A theater in the area has operas beamed into it live from places like The Met. I attended a performance of Iphigenie en Tauride, which has the same source as one of my stories (More on that below.)
Although I've seen bits of operas on TV before, that cannot compare to seeing it on a big screen with a theater-sized sound system. It's astonishing to realize the performers are singing live onstage with no microphones. Placido Domingo played the male lead, and his duet with another male singer left me stunned with the beauty of it. Susan Graham played the female lead. They announced ahead of time that she had a cold, but she sounded magnificent throughout -- including some rather long pieces!
This particular opera is baroque, which surprised me because of the simplicity of the lines. In the intermission, they explained this was a transitional piece, which explained the lack of ornateness.
The source material is Iphigenia in Tauris, written by Euripides. When I read this Greek play, I realized it could be a marvelous story. A young woman has been spirited away by a goddess to a foreign land, where she is expected to sacrifice any strangers who wander into that land. Meanwhile, her brother, who assumes her to be dead, has wandered into her land after many adventures. What will happen?

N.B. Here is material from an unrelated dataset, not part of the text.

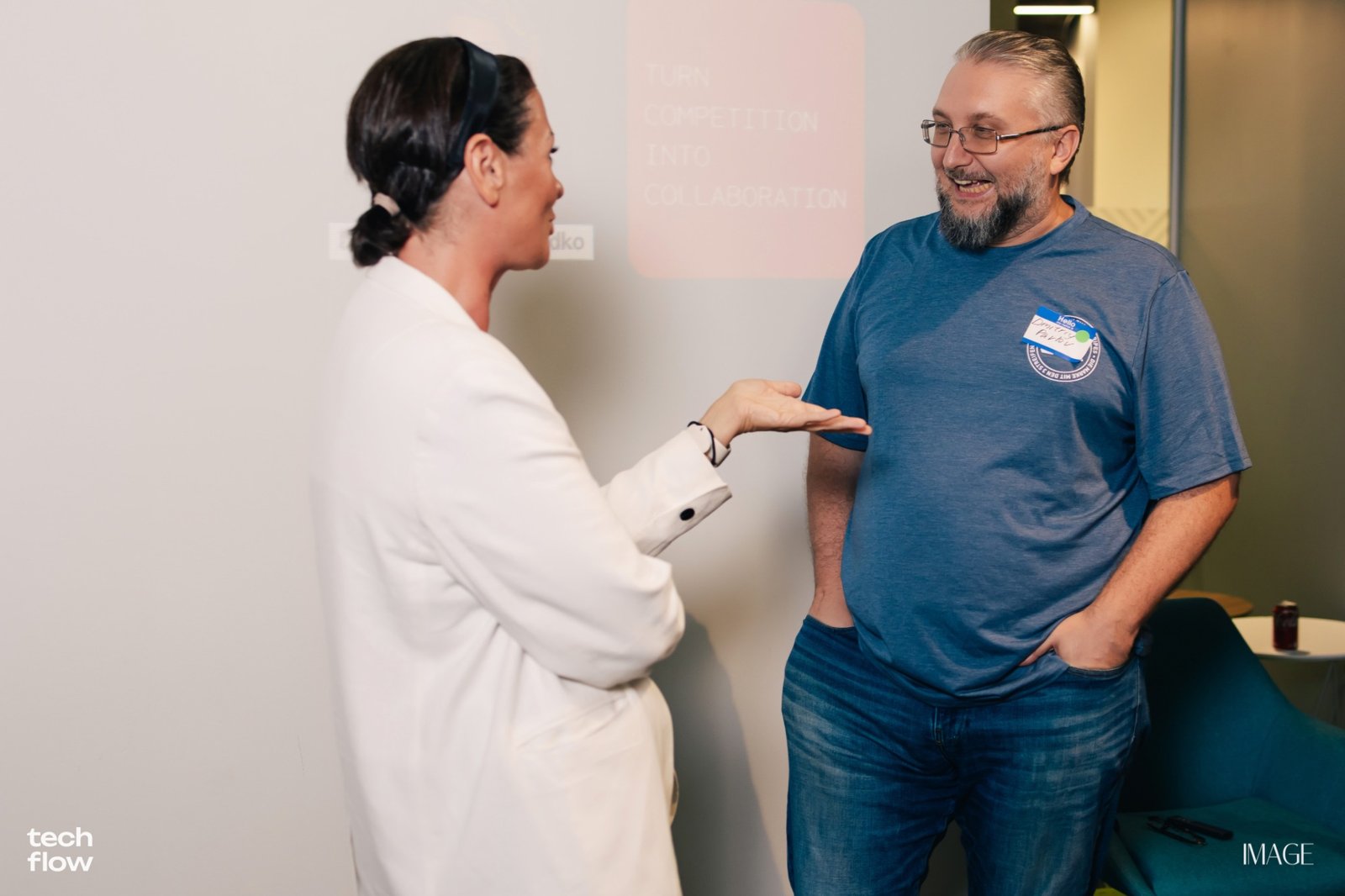 Dr.D in conversation at a Tech Flow startup event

Much of the play was in the form of talking heads -- the characters discussing what had happened to them. But I could start from the beginning and tell the story in sequence. My historical fantasy manuscript Virgin Unknown is the result. I'll share an excerpt later this week.
Back to the opera: This live beaming might be a way of saving this art form, which seems to be declining. Pay 20+ dollars for great camera views in a nearby theater, rather than paying substantially more and travelling a good distance for the event. And don't worry, they have subtitles in English (this particular opera was in French). I was definitely the youngest person there, but who knows what the future holds?